It’s like reading a textbook, that the human element has been lost and it’s just facts. The human element is largely stripped away and the characters become flat caricatures of things that loosely resemble real life. Read it this way and it seems like a moderately bad situation, but Joseph is a beacon of generosity that he would deal with Mary quietly, so as not to put her to shame. 

What I want is, instead of reading this like a textbook, to read it more like a novel, where the characters are real, and have real personalities and real lives and real cares and wants. 

When reading this way, one begins to see the humanity in the people, and in our Gospel reading that means about Joseph. And what does it say about Joseph? 

We call Joseph a saint, and I think rightly so! In the face of scandal and hurt, that his fiancée would be pregnant when they aren’t yet married and it’s not his child, he decided that he was going to break off things quietly so as not to shame her publicly. At that time, betrothal to a person was essentially equal to being married in some respects, much more so than being engaged. You weren’t living together yet, and the marriage hadn’t been consummated, but to break off the relationship was akin to divorce. To divorce her would have been a public affair, shaming her greatly in the process, and it would have been his right to do so. But Joseph was a righteous man, and he wanted to spare her of that, so he proposed to dissolve things quietly. 

So Joseph, putting aside his right for revenge and wishing to save her public disgrace, is called a righteous man. 

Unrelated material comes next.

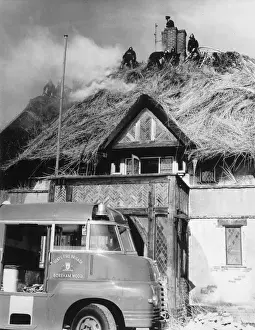 Putting out Thatch Fire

But if we allow ourselves to think about the passage, there’s a lot more going on than what meets the eye.

It says that Joseph’s fiancée is pregnant, and he’s not the father.What does that imply? Has she been cheating on him with another man? Has she been unfaithful to him? And though we don’t hear it in this passage, Mary very likely told him about her vision of the angel and the baby being conceived by the Holy Spirit. It sounds like Joseph didn’t believe her. After all, he still planned to leave her. That is, until he had his own vision of the angel who told him the same story.

Think about it: How would you react if you found out that the person you were engaged to had cheated on you with another person? Add on top of that, she won’t tell you who did it, but makes up some fantastic story about angels and the Spirit of God impregnating her. While it does not explicitly say so, it’s not hard to imagine the emotions that Joseph must have gone through: Hurt, anger, sorrow, loss, confusion, and so on. The future that he had envisioned with the woman he wanted to marry had fallen apart.

And yet, in the midst of all that, he still wanted to do good to Mary and to spare her from the myriad of ways that society would have treated her by walking away from the relationship quietly.  

And that’s where things become awkward: It says “But just when he had resolved to do this, an angel of the Lord appeared to him in a dream.”

Just when he had resolved to put her away, had finally decided that he was going to leave her, when he had come to the place that he was ready to call off the wedding, that’s when God appeared. Not immediately after the angel appeared to Mary, which might have been the easiest thing. Not even after Mary was found out to be pregnant and Joseph was wrestling with what to do. It was only after Joseph “resolved” that he was going to leave Mary did the angel of the Lord appear and tell Joseph not to call things off with Mary. Only after he likely wrestled, and wrangled, and went back and forth on what to do, whether to stay with her or to leave her, that’s when God shows up to set things straight. 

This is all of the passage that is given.